ASSIGNMENT: All of the data, word for word and free of pictures, is the expected result.

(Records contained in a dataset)

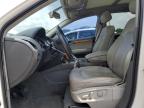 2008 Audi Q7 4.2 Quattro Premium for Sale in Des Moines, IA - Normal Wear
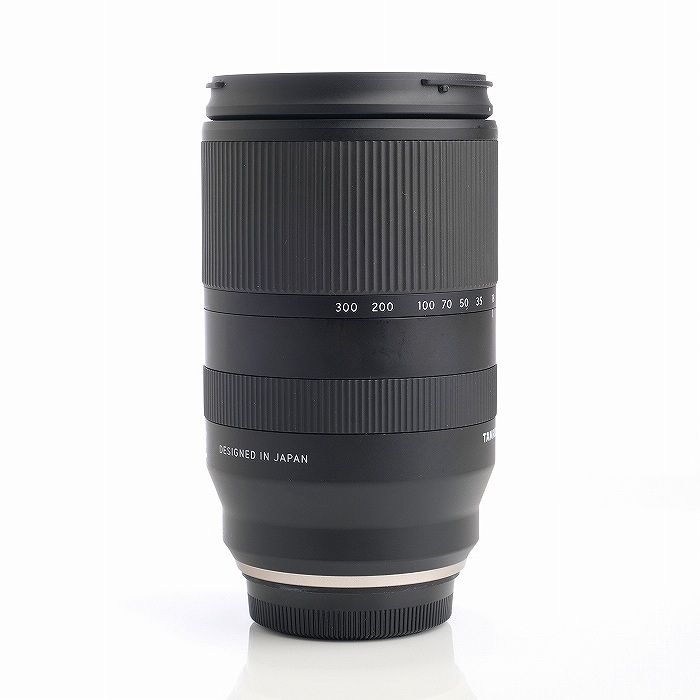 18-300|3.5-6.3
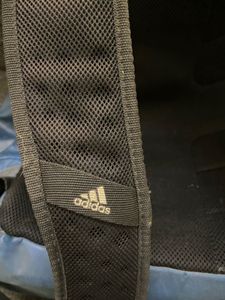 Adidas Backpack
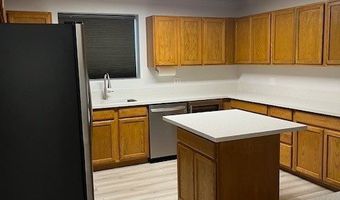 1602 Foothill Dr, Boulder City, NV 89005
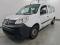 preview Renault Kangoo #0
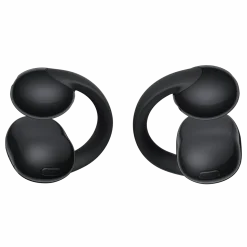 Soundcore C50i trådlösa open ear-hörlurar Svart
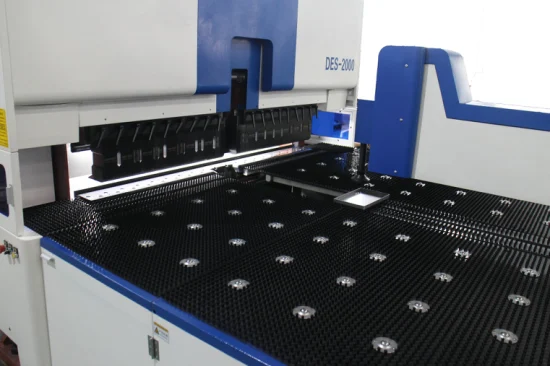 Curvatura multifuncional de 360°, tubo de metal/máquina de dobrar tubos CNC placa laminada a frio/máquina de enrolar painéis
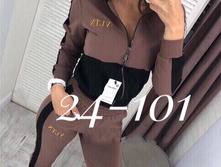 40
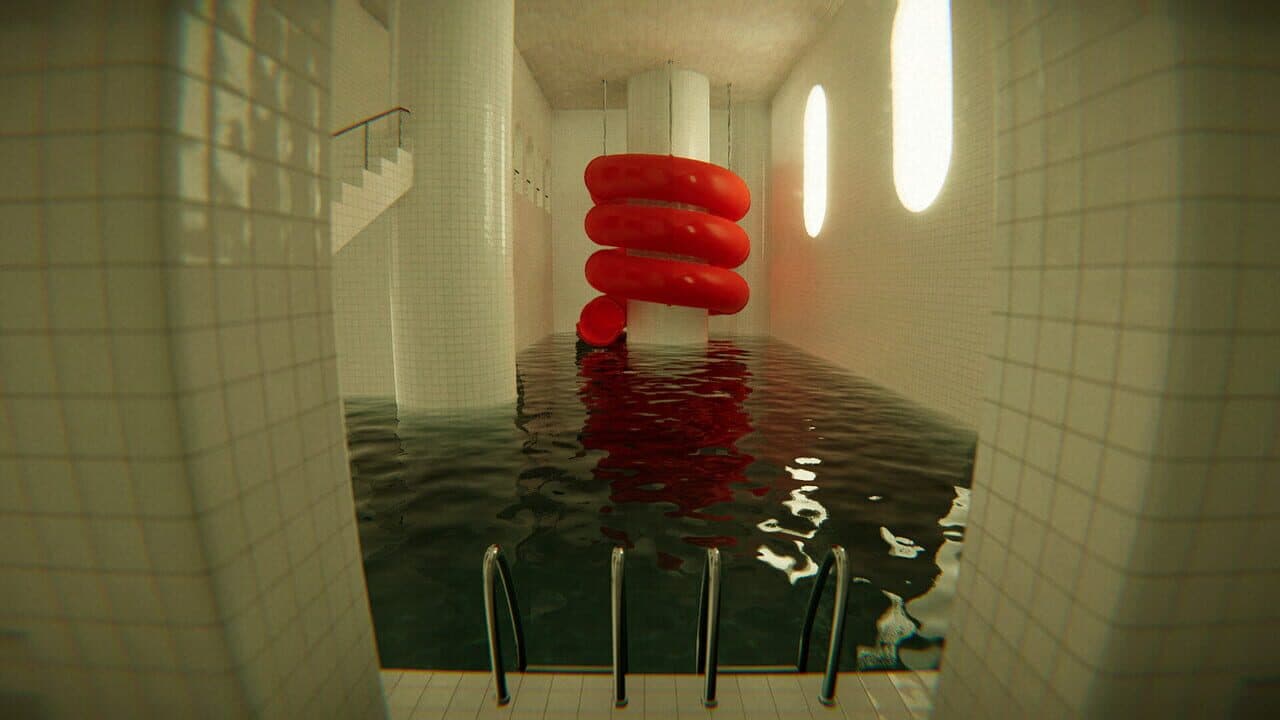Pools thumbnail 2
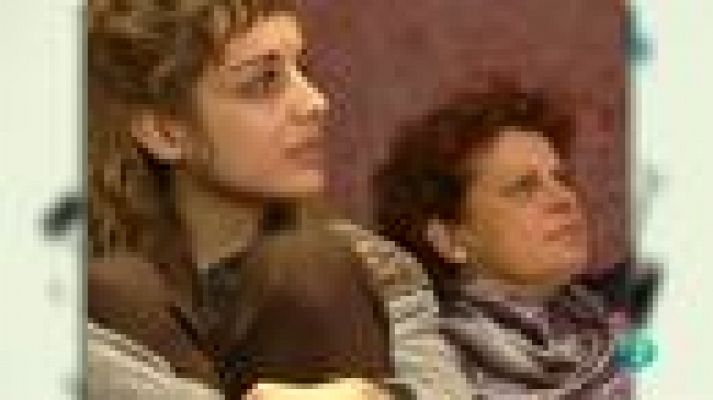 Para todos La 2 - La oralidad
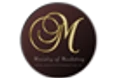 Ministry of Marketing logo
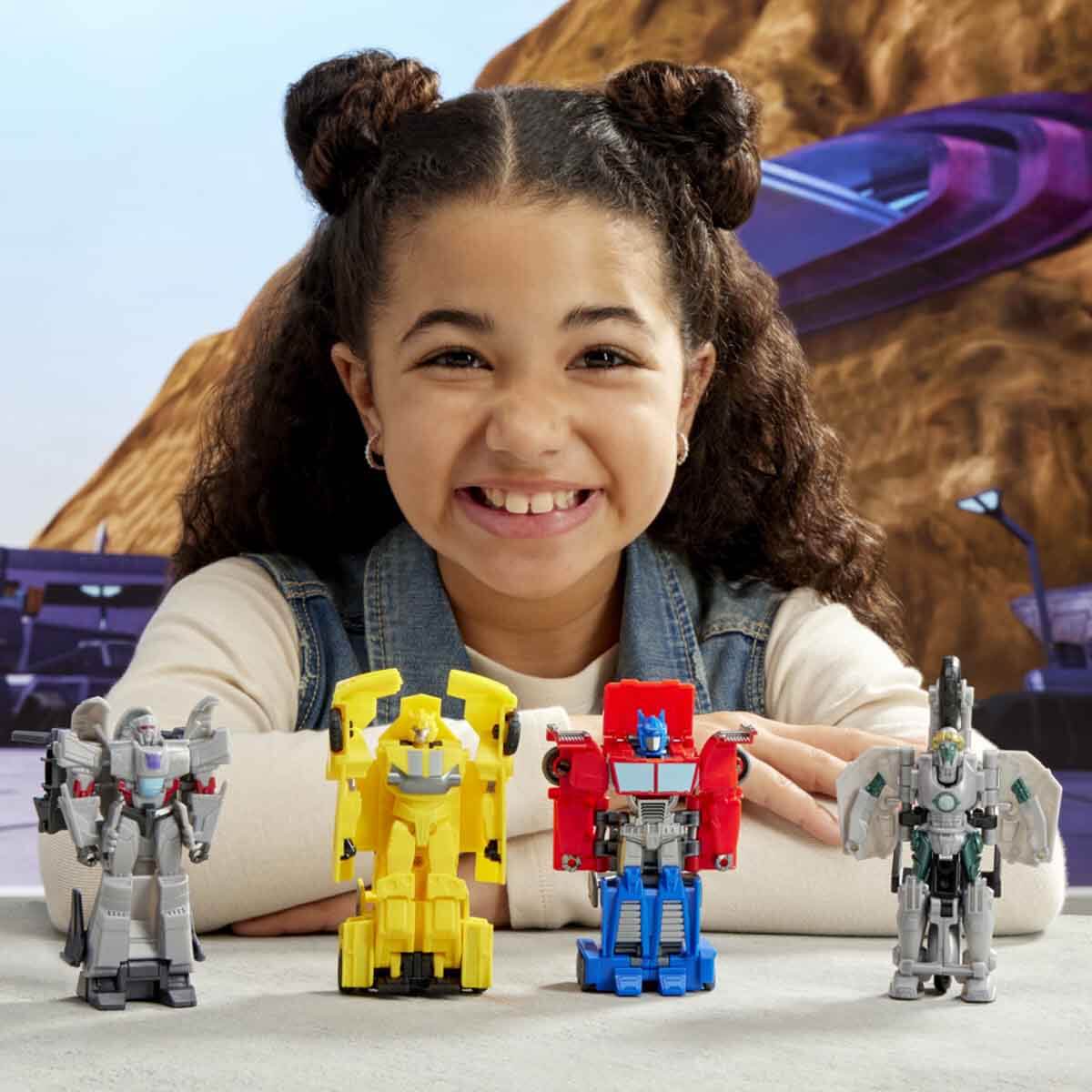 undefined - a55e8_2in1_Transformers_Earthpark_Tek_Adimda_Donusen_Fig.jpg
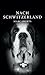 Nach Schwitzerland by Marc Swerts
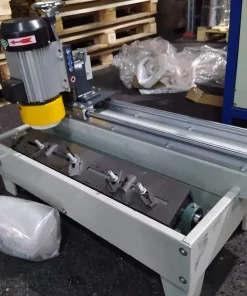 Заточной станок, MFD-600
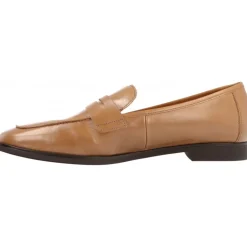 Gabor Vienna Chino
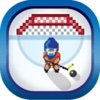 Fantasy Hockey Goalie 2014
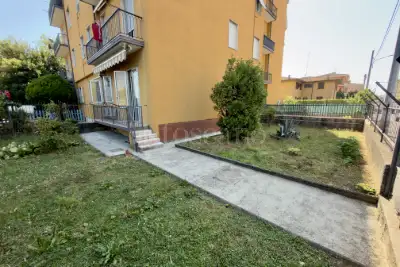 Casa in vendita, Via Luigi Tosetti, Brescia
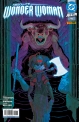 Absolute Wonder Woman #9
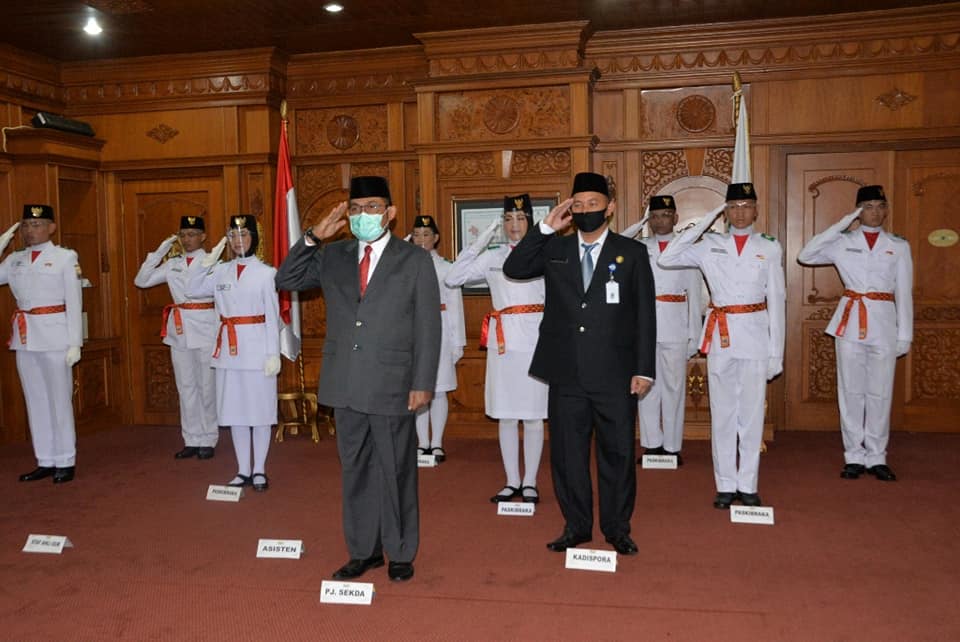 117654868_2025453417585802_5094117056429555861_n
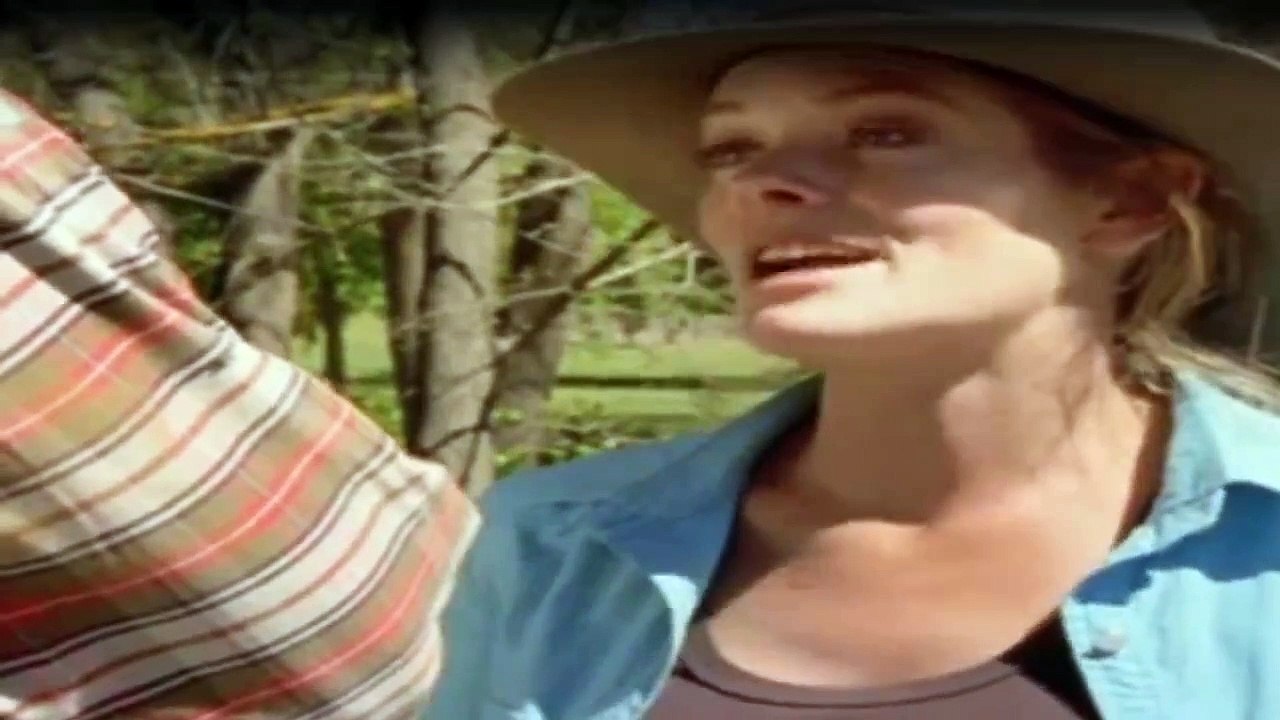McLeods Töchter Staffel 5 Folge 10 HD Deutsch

EXERCISE RESULT:
 2008 Audi Q7 4.2 Quattro Premium for Sale in Des Moines, IA - Normal Wear
 18-300|3.5-6.3
 Adidas Backpack
 1602 Foothill Dr, Boulder City, NV 89005
 preview Renault Kangoo #0
 Soundcore C50i trådlösa open ear-hörlurar Svart
 Curvatura multifuncional de 360°, tubo de metal/máquina de dobrar tubos CNC placa laminada a frio/máquina de enrolar painéis
 40
Pools thumbnail 2
 Para todos La 2 - La oralidad
 Ministry of Marketing logo
 undefined - a55e8_2in1_Transformers_Earthpark_Tek_Adimda_Donusen_Fig.jpg
 Nach Schwitzerland by Marc Swerts
 Заточной станок, MFD-600
 Gabor Vienna Chino
 Fantasy Hockey Goalie 2014
 Casa in vendita, Via Luigi Tosetti, Brescia
 Absolute Wonder Woman #9
 117654868_2025453417585802_5094117056429555861_n
McLeods Töchter Staffel 5 Folge 10 HD Deutsch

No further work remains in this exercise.